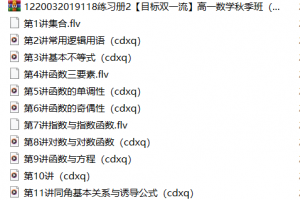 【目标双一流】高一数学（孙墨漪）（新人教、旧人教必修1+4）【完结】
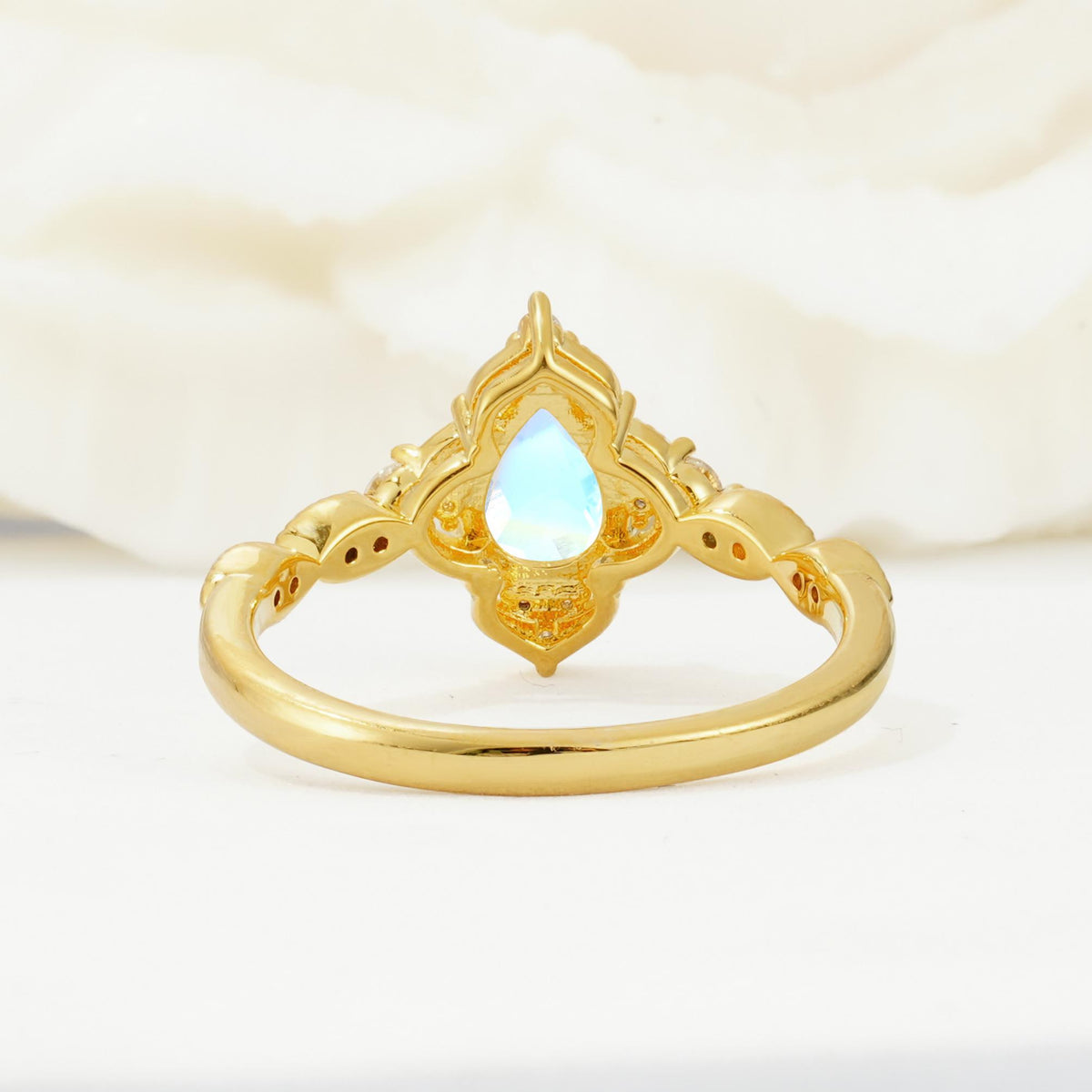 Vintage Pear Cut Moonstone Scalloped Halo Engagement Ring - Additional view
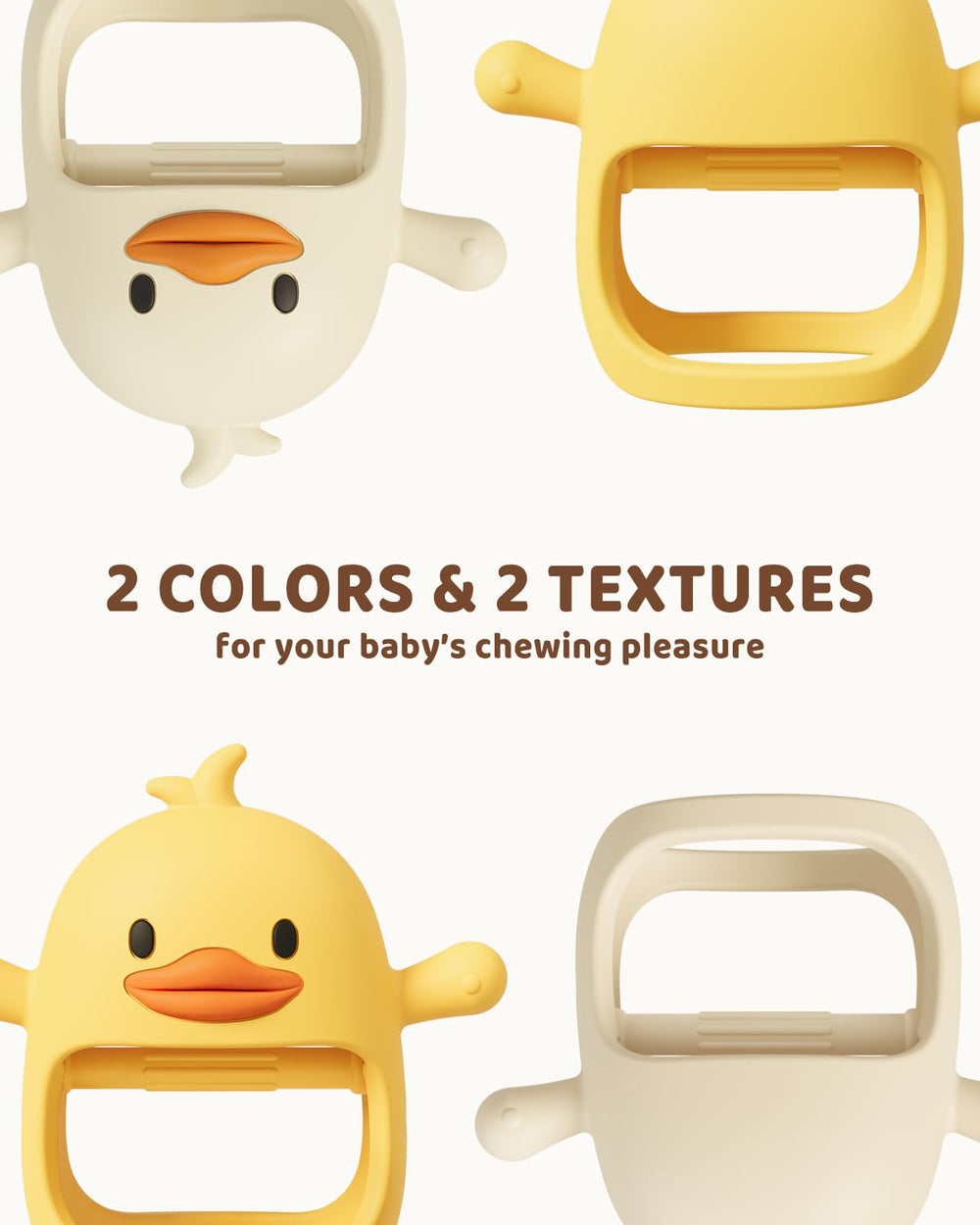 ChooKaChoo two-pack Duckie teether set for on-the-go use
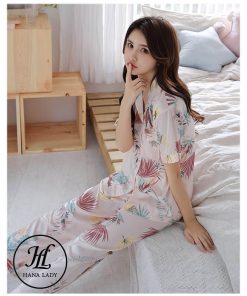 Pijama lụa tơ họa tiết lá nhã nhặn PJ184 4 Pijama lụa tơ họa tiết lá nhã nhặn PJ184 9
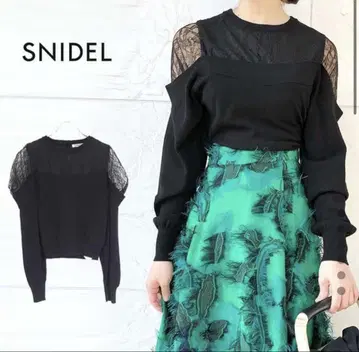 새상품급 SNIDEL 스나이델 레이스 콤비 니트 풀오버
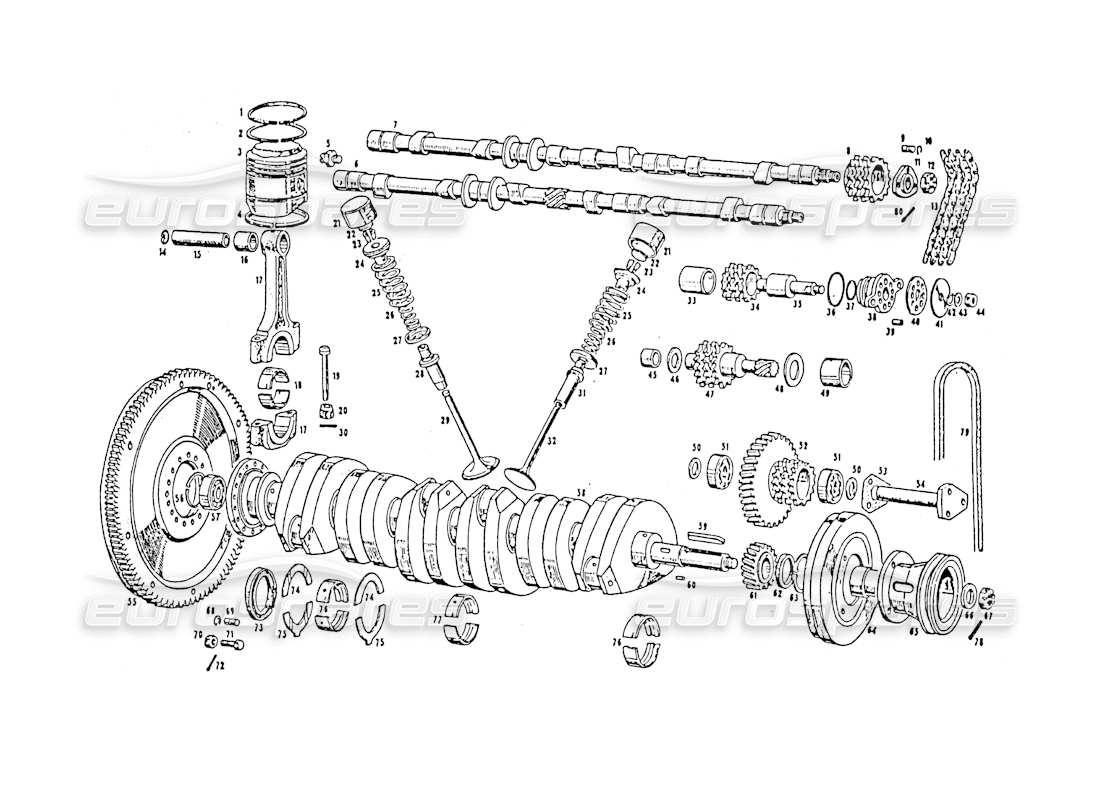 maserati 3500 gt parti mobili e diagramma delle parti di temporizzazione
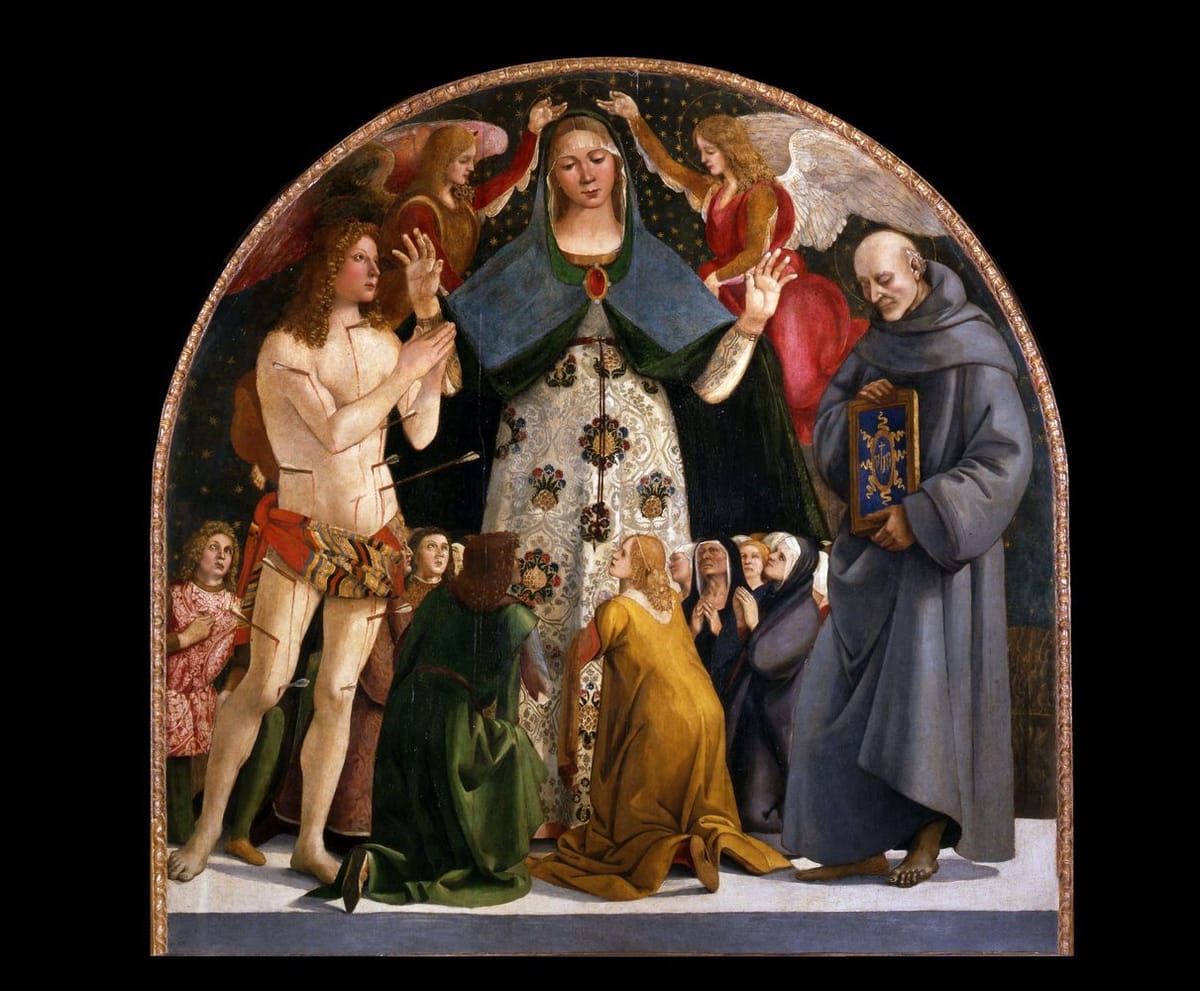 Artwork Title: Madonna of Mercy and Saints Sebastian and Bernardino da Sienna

_TASK PROMPT_
When a picture appears among the entries, skip it; transcribe everything else exactly.

_EXERCISE RESULT_
 【目标双一流】高一数学（孙墨漪）（新人教、旧人教必修1+4）【完结】
 Vintage Pear Cut Moonstone Scalloped Halo Engagement Ring - Additional view
 ChooKaChoo two-pack Duckie teether set for on-the-go use
 Pijama lụa tơ họa tiết lá nhã nhặn PJ184 4 Pijama lụa tơ họa tiết lá nhã nhặn PJ184 9
 새상품급 SNIDEL 스나이델 레이스 콤비 니트 풀오버
 maserati 3500 gt parti mobili e diagramma delle parti di temporizzazione
 Artwork Title: Madonna of Mercy and Saints Sebastian and Bernardino da Sienna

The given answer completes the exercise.